Extracted records:
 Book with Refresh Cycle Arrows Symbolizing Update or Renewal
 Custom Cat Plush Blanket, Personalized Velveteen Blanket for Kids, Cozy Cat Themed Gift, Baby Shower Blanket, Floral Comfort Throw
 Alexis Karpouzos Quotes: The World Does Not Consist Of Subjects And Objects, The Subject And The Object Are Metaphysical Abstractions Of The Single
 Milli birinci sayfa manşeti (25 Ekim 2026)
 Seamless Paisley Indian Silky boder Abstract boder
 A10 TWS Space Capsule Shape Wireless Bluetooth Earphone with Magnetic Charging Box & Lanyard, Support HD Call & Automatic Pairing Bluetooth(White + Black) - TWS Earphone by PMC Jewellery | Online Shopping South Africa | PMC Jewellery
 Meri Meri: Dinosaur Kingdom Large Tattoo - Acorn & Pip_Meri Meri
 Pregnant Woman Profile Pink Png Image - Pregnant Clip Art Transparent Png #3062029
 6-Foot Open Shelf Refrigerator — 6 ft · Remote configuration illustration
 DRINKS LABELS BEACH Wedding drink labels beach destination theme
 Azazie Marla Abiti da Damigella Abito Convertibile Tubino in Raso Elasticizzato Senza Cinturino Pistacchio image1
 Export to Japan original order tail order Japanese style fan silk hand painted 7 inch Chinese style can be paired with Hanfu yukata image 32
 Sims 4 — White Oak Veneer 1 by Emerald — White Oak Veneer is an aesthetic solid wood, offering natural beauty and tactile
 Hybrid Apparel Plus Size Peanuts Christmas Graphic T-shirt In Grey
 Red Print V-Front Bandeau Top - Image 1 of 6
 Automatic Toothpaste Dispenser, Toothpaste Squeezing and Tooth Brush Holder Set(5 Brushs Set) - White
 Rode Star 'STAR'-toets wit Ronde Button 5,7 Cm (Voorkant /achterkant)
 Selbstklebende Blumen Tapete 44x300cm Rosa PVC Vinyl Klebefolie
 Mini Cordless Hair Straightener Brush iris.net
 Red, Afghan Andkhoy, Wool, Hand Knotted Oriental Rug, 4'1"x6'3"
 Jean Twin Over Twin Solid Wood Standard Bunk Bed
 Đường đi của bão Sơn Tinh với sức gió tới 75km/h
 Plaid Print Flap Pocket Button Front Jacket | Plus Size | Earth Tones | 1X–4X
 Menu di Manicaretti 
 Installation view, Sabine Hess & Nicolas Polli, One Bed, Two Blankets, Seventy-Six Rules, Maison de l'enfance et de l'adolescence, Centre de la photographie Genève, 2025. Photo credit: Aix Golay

WHAT TO DO: Please write out, exactly as they appear, the lines from the one containing "Đường đi của" through the last line of the records above, and nothing more.

RESULT FOR THIS EXERCISE:
 Đường đi của bão Sơn Tinh với sức gió tới 75km/h
 Plaid Print Flap Pocket Button Front Jacket | Plus Size | Earth Tones | 1X–4X
 Menu di Manicaretti 
 Installation view, Sabine Hess & Nicolas Polli, One Bed, Two Blankets, Seventy-Six Rules, Maison de l'enfance et de l'adolescence, Centre de la photographie Genève, 2025. Photo credit: Aix Golay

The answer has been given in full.